If you're a typical PHP developer, it doesn't take a thorough review of past projects to pick out a telling pattern: In most (if not all) cases, you're probably getting PHP to talk to a database back end for all that dynamic data goodness; in 99 percent of those instances, you're using MySQL.
Now, there's nothing wrong with using a relational database. If you're working with highly structured data with lots of relationships, it's the way to go. You can happily (or unhappily, depending on your familiarity and comfort with SQL) go through the process of working up schemas, normalizing data relations, setting up tables, and all the rest.
However, every once in a while, you work on a project where you probably think to yourself, "Why am I doing all this work?" The project you're working on contains very simple bits of data or data that's difficult to predict — you might get different data fields on different days or even from transaction to transaction. If you were to create a schema to predict what's coming down the pike at you, you'd end up with tables that have lots of empty fields or lots of mapping tables.

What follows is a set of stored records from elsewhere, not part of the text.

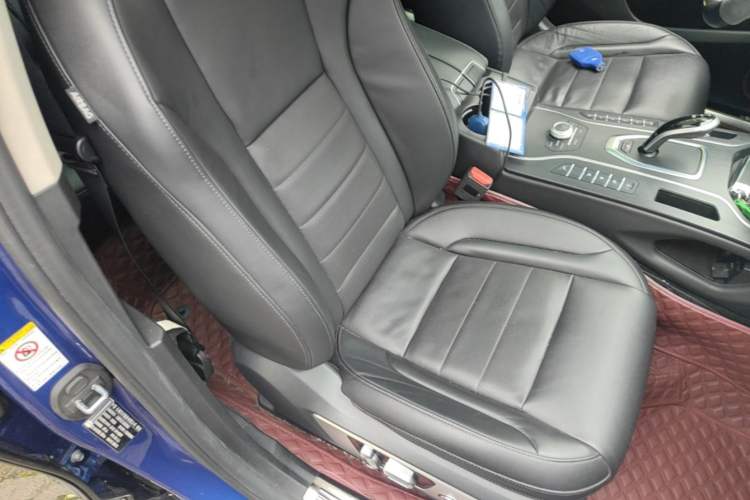 Used Wey VV7 2017 2.0T Flagship Model Right Front Seat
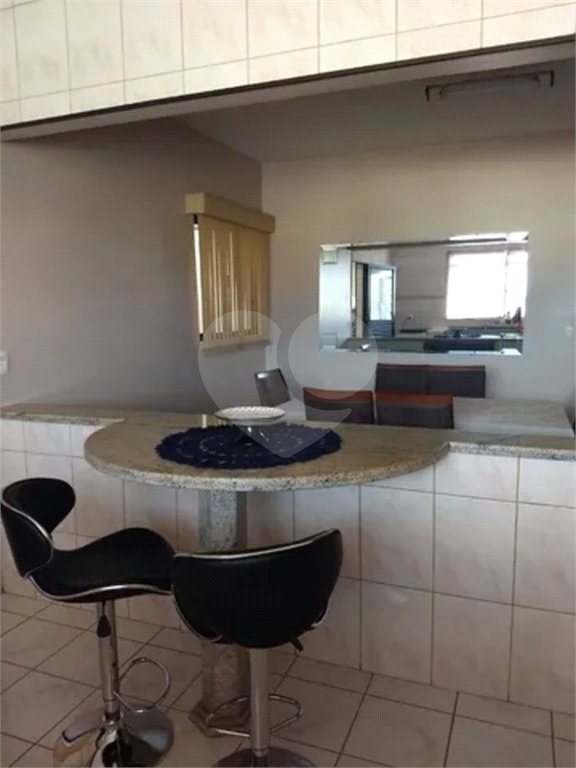 Sobrado à venda com 3 quartos, sendo 1 suíte, em Jardim São Guilherme, Sorocaba, SP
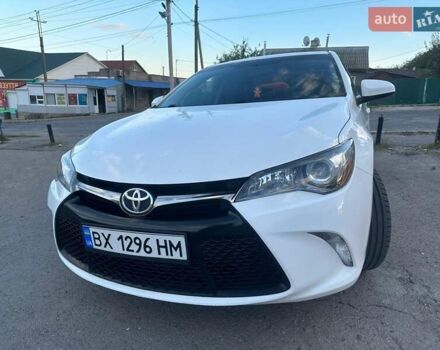 Белый Тойота Камри, объемом двигателя 2.5 л и пробегом 191 тыс. км за 13000 $, фото 2 на Automoto.ua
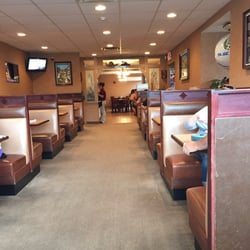 Gran Plaza Mexican Grill - First booth room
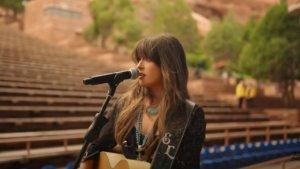 Terjemahan Lirik Lagu Be Her - Ella Langley, I Just Wanna Be Her So Bad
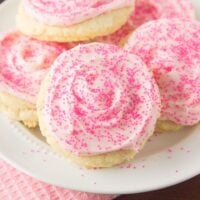 Frosted Sugar Cookies with buttercream frosting. Recipe by deliciouslysprinkled.com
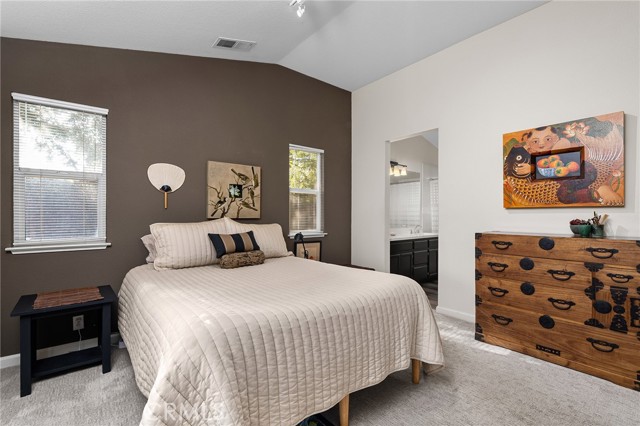 Detail Gallery Image 35 of 59 For 1975 Heritage Oak, Chico,  CA 95928 - 3 Beds | 2 Baths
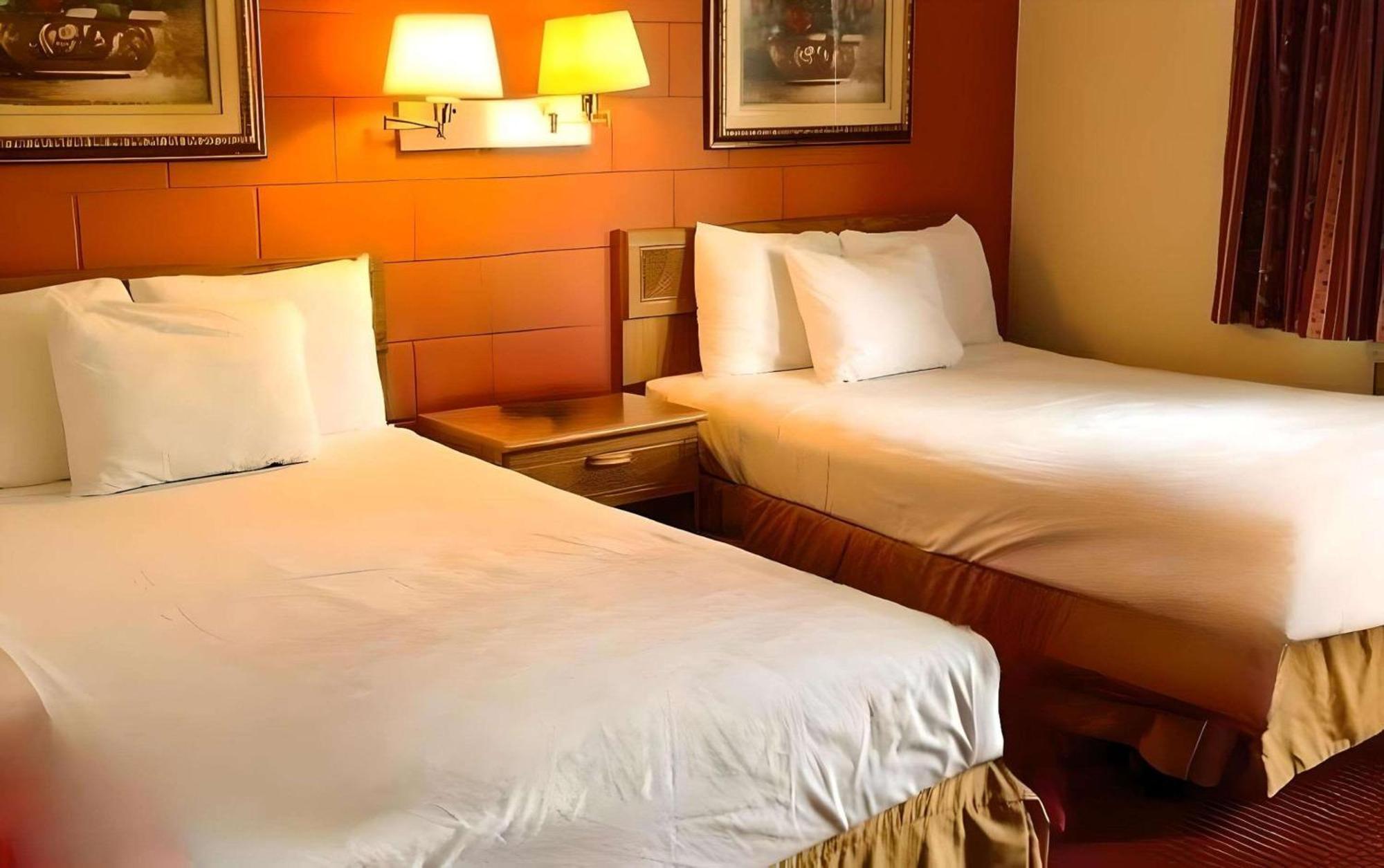 Rodeway Inn Manchester Bagian luar foto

For those projects, you need a different approach — something that doesn't involve a relational database. What you need in these situations is a document-based, schema-free, ad-hoc database with a flat address space. In short, you need Apache CouchDB.
CouchDB is (according to the Apache CouchDB Web site):
- A document database server, accessible via a RESTful JSON API.
- Ad-hoc and schema-free, with a flat address space.
- Distributed, featuring robust, incremental replication with bi-directional conflict detection and management.
- Query-able and index-able, featuring a table-oriented reporting engine that uses JavaScript as a query language.
What this means is that you can create a CouchDB database that accepts JSON documents. Each document gets a unique revision ID and has its own structure, with all documents stored in the same flat collection. For example, say you're setting up a resume collection. The first resume comes in with fields for first name, last name, phone number, e-mail address, Twitter account, a list of qualifications, and a detailed work history. The second resume just comes in with first name, last name, e-mail address, and a work history that's a sparse list. The differences there might be enough to make a relational database very unhappy, but from CouchDB's point of view, it's just another day at the office.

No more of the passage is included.